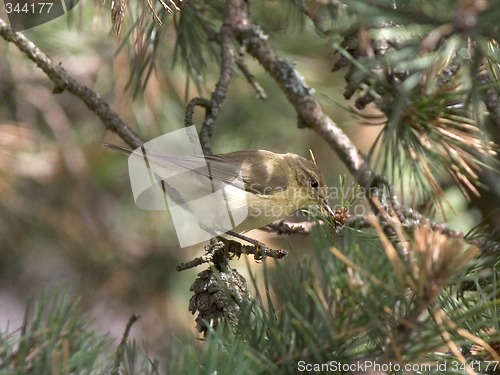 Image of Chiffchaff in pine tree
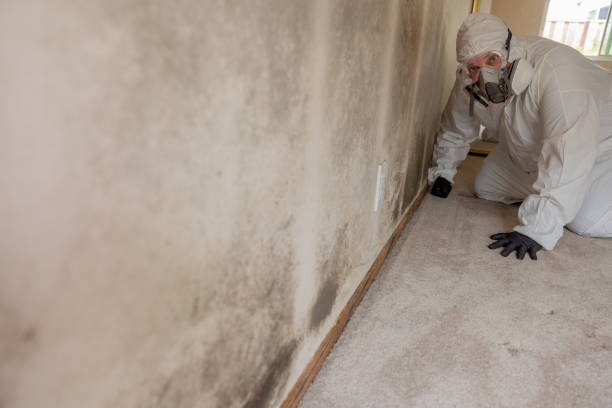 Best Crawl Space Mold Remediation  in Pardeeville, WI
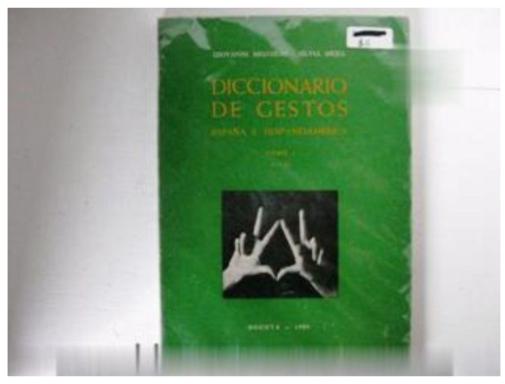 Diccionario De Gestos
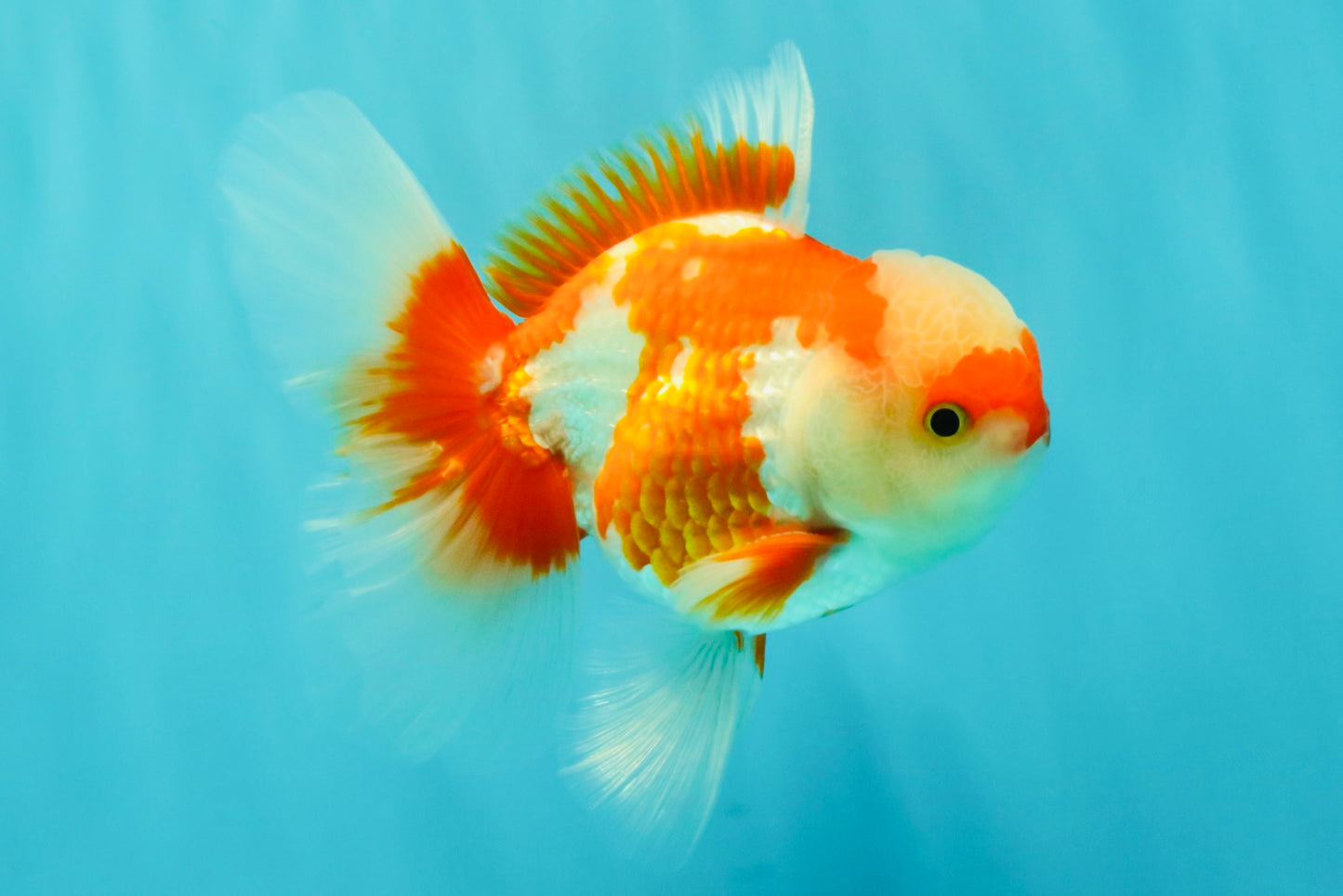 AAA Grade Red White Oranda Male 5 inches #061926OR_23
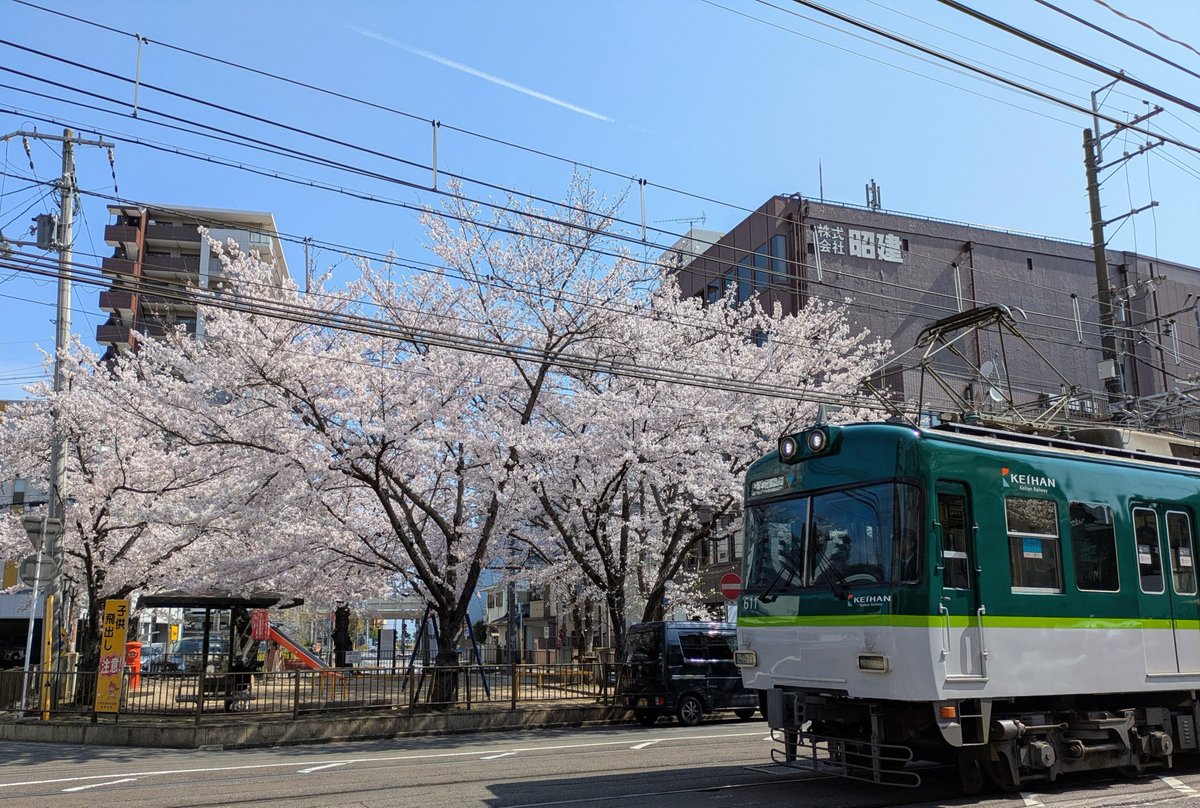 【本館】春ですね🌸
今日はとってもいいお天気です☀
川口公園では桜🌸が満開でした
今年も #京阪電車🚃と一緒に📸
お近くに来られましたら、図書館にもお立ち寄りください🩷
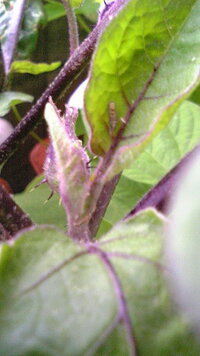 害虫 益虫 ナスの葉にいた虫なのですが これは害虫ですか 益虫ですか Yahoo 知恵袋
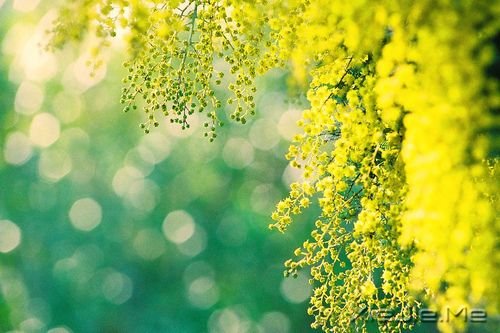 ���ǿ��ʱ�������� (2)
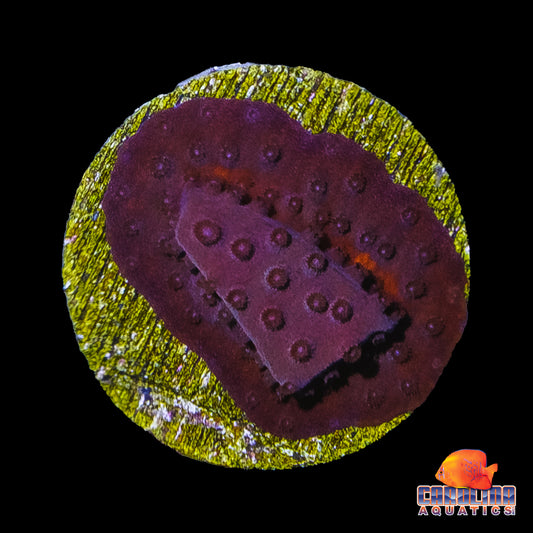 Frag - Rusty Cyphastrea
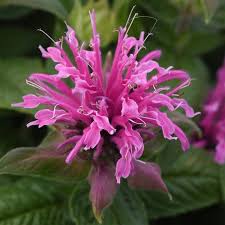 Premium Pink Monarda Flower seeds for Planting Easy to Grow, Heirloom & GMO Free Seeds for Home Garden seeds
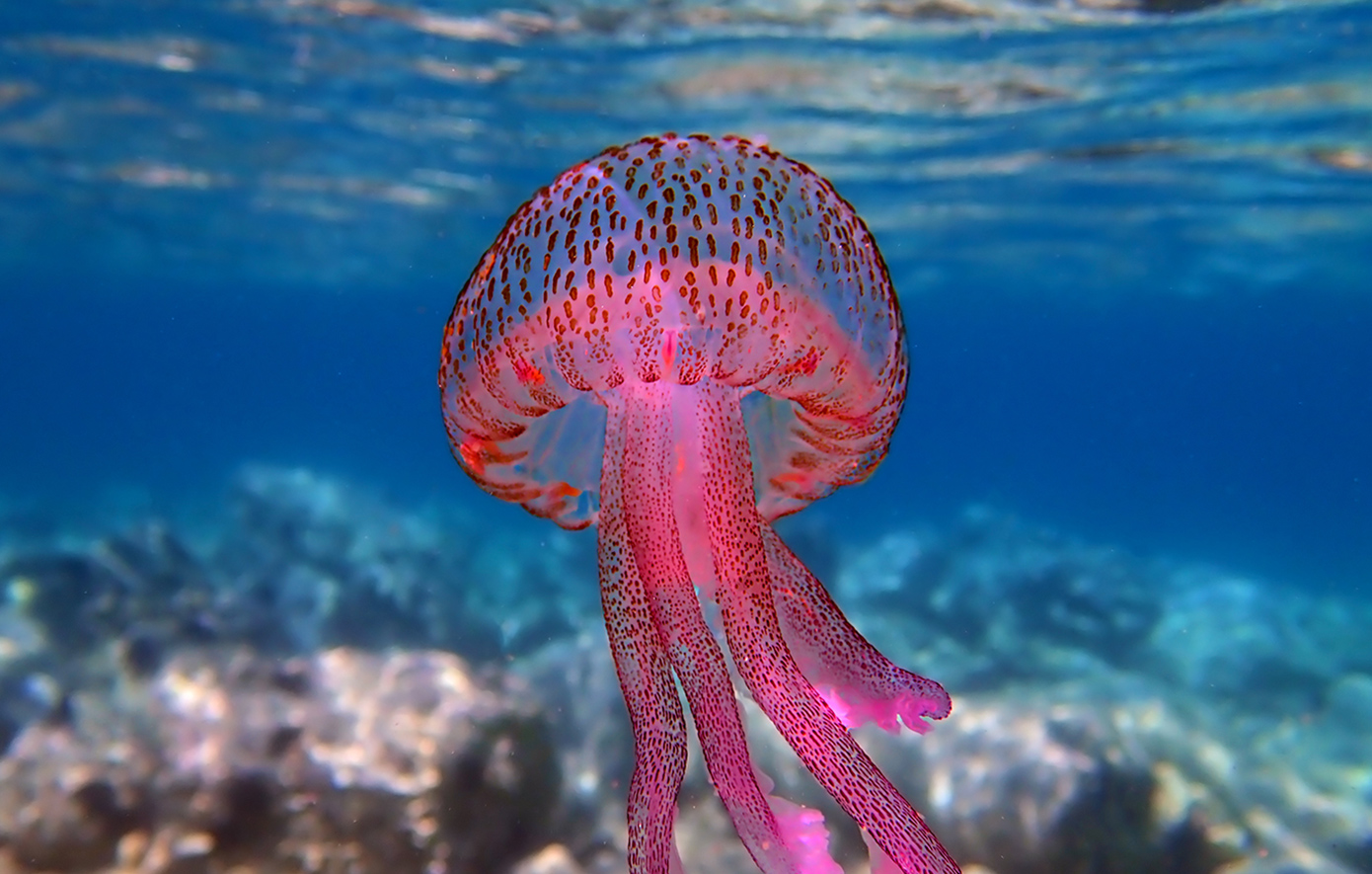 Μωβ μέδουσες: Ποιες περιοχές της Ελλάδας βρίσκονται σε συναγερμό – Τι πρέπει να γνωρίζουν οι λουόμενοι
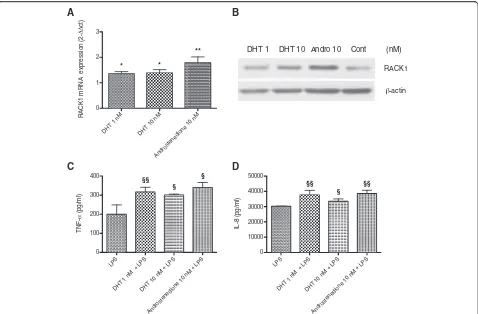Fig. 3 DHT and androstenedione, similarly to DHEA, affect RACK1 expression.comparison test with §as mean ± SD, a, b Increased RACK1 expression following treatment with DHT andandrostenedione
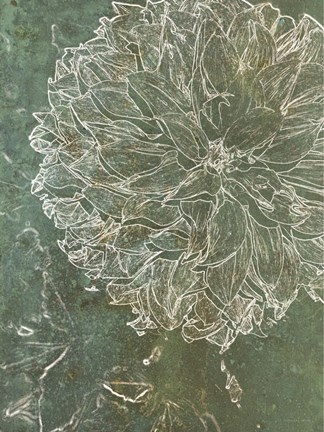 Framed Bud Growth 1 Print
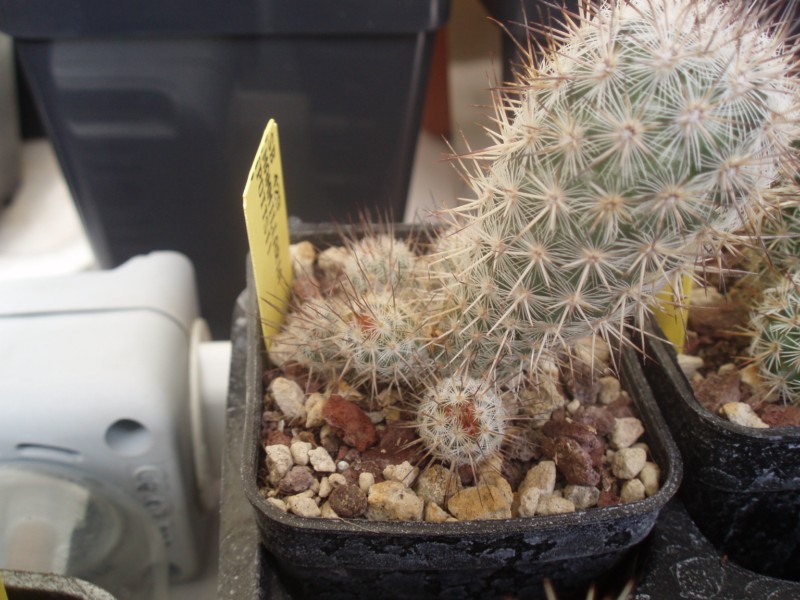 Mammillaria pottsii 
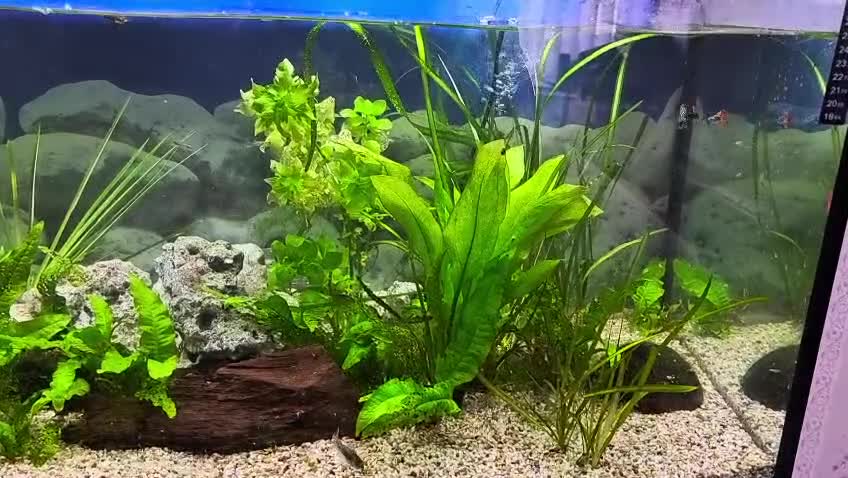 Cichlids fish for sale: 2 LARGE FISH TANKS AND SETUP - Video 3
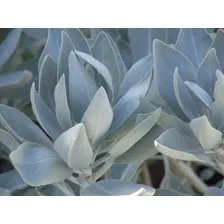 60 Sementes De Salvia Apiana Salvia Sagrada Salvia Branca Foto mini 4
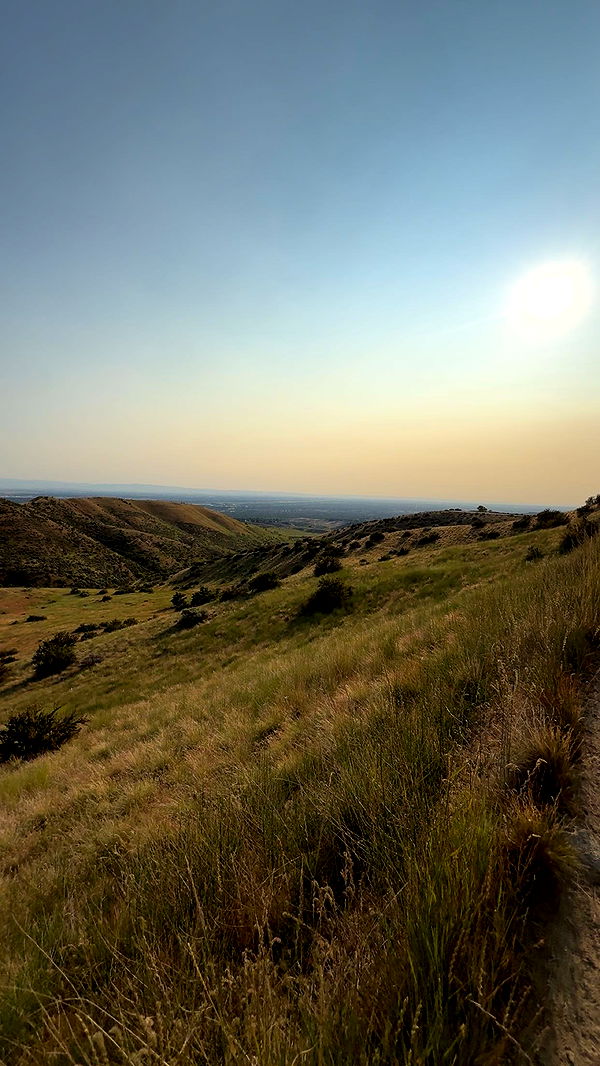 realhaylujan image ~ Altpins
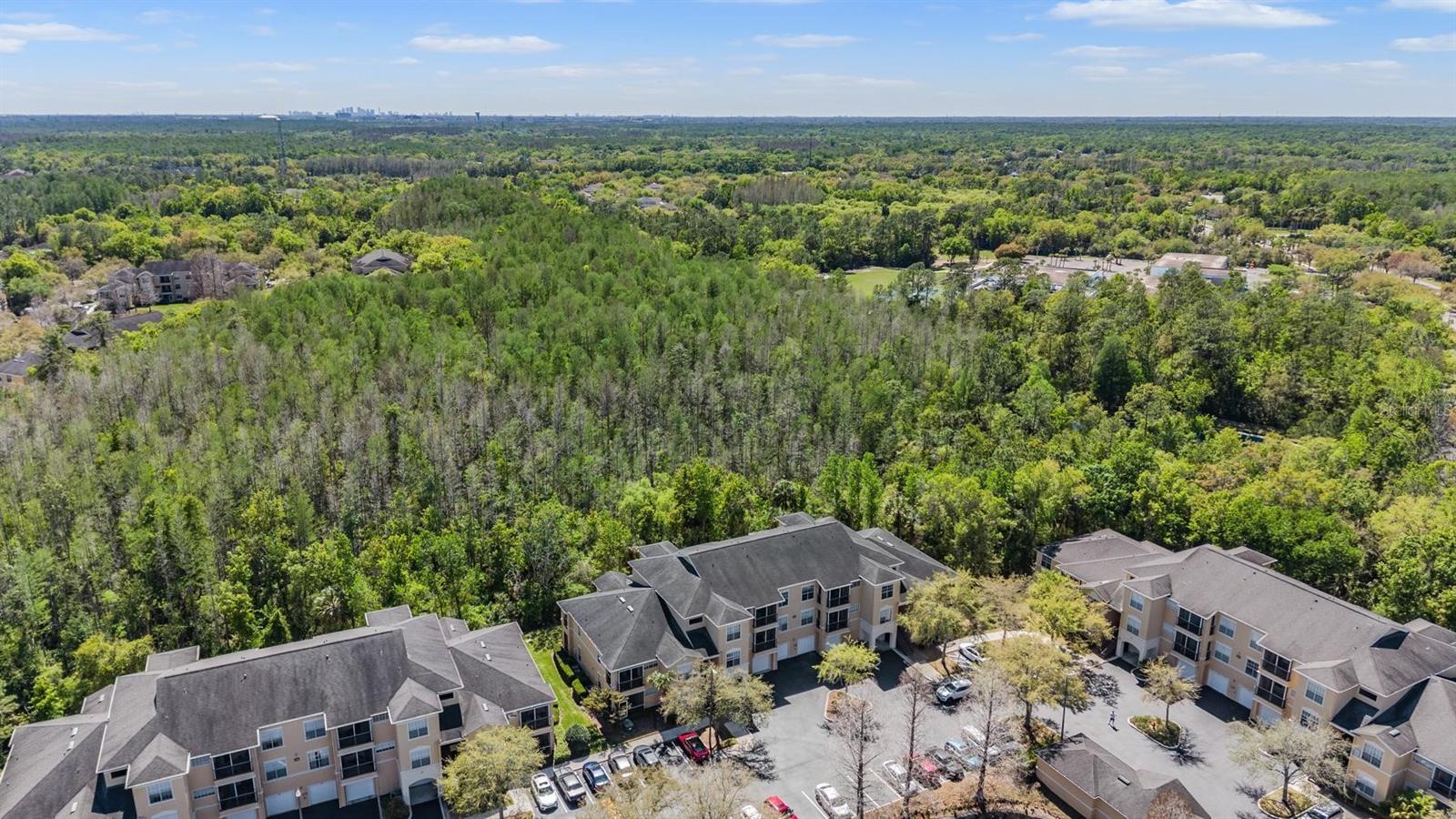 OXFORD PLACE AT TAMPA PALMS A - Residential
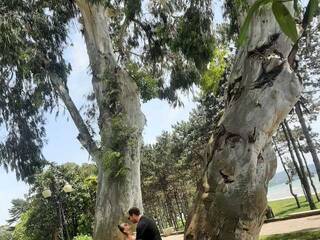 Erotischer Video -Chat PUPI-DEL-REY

┄┄┄┄┄┄┄┄┄┄

Once the pictures are set aside, reproduce the records in full and exactly.

OUTPUT OF THE TASK:
 Image of Chiffchaff in pine tree
 Best Crawl Space Mold Remediation  in Pardeeville, WI
 Diccionario De Gestos
 AAA Grade Red White Oranda Male 5 inches #061926OR_23
 【本館】春ですね🌸
今日はとってもいいお天気です☀
川口公園では桜🌸が満開でした
今年も #京阪電車🚃と一緒に📸
お近くに来られましたら、図書館にもお立ち寄りください🩷
 害虫 益虫 ナスの葉にいた虫なのですが これは害虫ですか 益虫ですか Yahoo 知恵袋
 ���ǿ��ʱ�������� (2)
 Frag - Rusty Cyphastrea
 Premium Pink Monarda Flower seeds for Planting Easy to Grow, Heirloom & GMO Free Seeds for Home Garden seeds
 Μωβ μέδουσες: Ποιες περιοχές της Ελλάδας βρίσκονται σε συναγερμό – Τι πρέπει να γνωρίζουν οι λουόμενοι
Fig. 3 DHT and androstenedione, similarly to DHEA, affect RACK1 expression.comparison test with §as mean ± SD, a, b Increased RACK1 expression following treatment with DHT andandrostenedione
 Framed Bud Growth 1 Print
 Mammillaria pottsii 
 Cichlids fish for sale: 2 LARGE FISH TANKS AND SETUP - Video 3
 60 Sementes De Salvia Apiana Salvia Sagrada Salvia Branca Foto mini 4
 realhaylujan image ~ Altpins
 OXFORD PLACE AT TAMPA PALMS A - Residential
 Erotischer Video -Chat PUPI-DEL-REY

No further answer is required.